Stored items:
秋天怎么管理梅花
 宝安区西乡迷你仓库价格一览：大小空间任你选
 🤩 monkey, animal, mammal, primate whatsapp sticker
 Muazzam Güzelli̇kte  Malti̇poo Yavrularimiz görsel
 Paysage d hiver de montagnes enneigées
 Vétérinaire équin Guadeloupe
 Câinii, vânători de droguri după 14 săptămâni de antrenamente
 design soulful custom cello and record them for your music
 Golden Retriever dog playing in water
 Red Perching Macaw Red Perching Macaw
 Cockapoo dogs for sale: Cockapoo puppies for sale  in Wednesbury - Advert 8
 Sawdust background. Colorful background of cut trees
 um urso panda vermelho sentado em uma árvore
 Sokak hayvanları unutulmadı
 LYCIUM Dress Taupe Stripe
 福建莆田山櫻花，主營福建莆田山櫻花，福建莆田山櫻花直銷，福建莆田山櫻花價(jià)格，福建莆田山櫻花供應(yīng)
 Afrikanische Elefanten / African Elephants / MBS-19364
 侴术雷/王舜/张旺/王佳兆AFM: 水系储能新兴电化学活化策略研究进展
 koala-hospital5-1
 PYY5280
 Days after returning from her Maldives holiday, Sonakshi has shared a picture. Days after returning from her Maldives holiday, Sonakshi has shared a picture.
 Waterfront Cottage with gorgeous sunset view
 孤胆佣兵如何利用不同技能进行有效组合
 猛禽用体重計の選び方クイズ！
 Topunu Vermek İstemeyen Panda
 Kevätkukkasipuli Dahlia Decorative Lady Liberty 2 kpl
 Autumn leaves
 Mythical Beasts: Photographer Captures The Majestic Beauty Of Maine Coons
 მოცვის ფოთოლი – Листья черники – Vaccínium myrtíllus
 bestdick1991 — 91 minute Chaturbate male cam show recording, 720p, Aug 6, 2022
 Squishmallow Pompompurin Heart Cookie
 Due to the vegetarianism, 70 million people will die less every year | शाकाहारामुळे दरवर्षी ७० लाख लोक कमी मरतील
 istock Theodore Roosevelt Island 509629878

## WHAT IS BEING ASKED
Each record above is to be given again without any change to its wording.

## SOLVED PROBLEM
秋天怎么管理梅花
 宝安区西乡迷你仓库价格一览：大小空间任你选
 🤩 monkey, animal, mammal, primate whatsapp sticker
 Muazzam Güzelli̇kte  Malti̇poo Yavrularimiz görsel
 Paysage d hiver de montagnes enneigées
 Vétérinaire équin Guadeloupe
 Câinii, vânători de droguri după 14 săptămâni de antrenamente
 design soulful custom cello and record them for your music
 Golden Retriever dog playing in water
 Red Perching Macaw Red Perching Macaw
 Cockapoo dogs for sale: Cockapoo puppies for sale  in Wednesbury - Advert 8
 Sawdust background. Colorful background of cut trees
 um urso panda vermelho sentado em uma árvore
 Sokak hayvanları unutulmadı
 LYCIUM Dress Taupe Stripe
 福建莆田山櫻花，主營福建莆田山櫻花，福建莆田山櫻花直銷，福建莆田山櫻花價(jià)格，福建莆田山櫻花供應(yīng)
 Afrikanische Elefanten / African Elephants / MBS-19364
 侴术雷/王舜/张旺/王佳兆AFM: 水系储能新兴电化学活化策略研究进展
 koala-hospital5-1
 PYY5280
 Days after returning from her Maldives holiday, Sonakshi has shared a picture. Days after returning from her Maldives holiday, Sonakshi has shared a picture.
 Waterfront Cottage with gorgeous sunset view
 孤胆佣兵如何利用不同技能进行有效组合
 猛禽用体重計の選び方クイズ！
 Topunu Vermek İstemeyen Panda
 Kevätkukkasipuli Dahlia Decorative Lady Liberty 2 kpl
 Autumn leaves
 Mythical Beasts: Photographer Captures The Majestic Beauty Of Maine Coons
 მოცვის ფოთოლი – Листья черники – Vaccínium myrtíllus
 bestdick1991 — 91 minute Chaturbate male cam show recording, 720p, Aug 6, 2022
 Squishmallow Pompompurin Heart Cookie
 Due to the vegetarianism, 70 million people will die less every year | शाकाहारामुळे दरवर्षी ७० लाख लोक कमी मरतील
 istock Theodore Roosevelt Island 509629878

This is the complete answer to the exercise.